We rode out on the rented bikes towards the Singing Sand Dunes just south of town when the heat started dying down in the evening. Daniel had been excited about paragliding off the dunes and riding the camels since we planned the trip. The sight of the camels in their numbered saddles and the sound of their crying when pulled by the nose to stand or kneel turned us off from the second idea. Plus, the camel ride route was only 15 minutes by foot. Id be dismounting without even getting a feel for camel riding.
The light was getting low quickly, so we headed up the dunes. The park administration had put up a ladder along the slope to ease the ascension, but protesting the fact that we had to pay an additional fee to use it, or rather trying to prove to myself that I could walk up the dune all by myself, I took off my shoes and stepped onto the fine sand. Looking at films of caravans traversing through the rolling desert was a lot easier than actually doing it. I finally realized that the key to climbing a sand dune was to run as fast as I could to prevent myself from sliding back, but had to stop every twenty steps or so to take a break. Before my lungs were able to relax, I would sink into the sand above the ankles and had to move again. I succumbed, and crossed over to the ladder.
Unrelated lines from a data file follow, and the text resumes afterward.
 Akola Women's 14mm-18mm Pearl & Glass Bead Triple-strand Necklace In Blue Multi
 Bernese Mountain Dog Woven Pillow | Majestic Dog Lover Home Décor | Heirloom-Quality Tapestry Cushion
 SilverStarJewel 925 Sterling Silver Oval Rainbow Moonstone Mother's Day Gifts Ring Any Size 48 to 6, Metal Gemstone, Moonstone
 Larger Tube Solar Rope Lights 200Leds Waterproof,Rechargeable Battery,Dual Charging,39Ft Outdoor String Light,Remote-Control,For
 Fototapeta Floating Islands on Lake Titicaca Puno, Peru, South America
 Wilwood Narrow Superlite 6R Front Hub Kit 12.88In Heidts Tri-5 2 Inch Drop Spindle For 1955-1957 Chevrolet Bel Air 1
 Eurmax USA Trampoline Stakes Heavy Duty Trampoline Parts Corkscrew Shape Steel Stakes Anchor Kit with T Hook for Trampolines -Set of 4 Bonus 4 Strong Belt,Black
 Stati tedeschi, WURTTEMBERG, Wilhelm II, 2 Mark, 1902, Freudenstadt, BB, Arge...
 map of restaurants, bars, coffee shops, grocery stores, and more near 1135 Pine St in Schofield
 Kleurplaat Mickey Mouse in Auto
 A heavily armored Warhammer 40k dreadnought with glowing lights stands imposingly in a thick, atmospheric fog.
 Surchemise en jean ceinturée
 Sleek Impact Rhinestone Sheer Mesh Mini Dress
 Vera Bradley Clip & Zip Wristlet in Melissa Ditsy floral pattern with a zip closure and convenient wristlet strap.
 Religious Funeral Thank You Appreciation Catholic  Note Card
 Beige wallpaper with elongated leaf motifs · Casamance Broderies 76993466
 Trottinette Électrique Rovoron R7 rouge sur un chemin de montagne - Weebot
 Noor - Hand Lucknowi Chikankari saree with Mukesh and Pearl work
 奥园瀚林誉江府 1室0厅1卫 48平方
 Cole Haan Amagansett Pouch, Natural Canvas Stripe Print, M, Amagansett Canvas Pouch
The sun cast chiseled shadows along the ridges of the undulating sand dunes. Along the ridge came a local boy, hopping and swinging a sack of empty plastic bottles he was collecting to be recycled. He set down the sack next to us, and alternated between cartwheels with jumping off the dune, having a blast after realizing that he had gotten our attention. I imitated him and rolled down from the top, then lay on the slope up side down and swam in a sea of silky sand. Successive waves of sand slipped down and surrounded me, its fine grains and gentle heat caressed my skin. Voices of the people standing at the top blew past my ears like a harmonious but meaningless background beat. Opening my eyes, the only thing I saw were the azure blue sky and the golden yellow sand meeting at a striking boundary like two color blocks.
When I climbed back up to the top of the dune on all fours, half of the sun had already dropped below the horizon, and the other half disappeared into a shred before I could take out my camera. I hopped down the dune in minutes, still coated in sand that would probably stay with me for the next few days.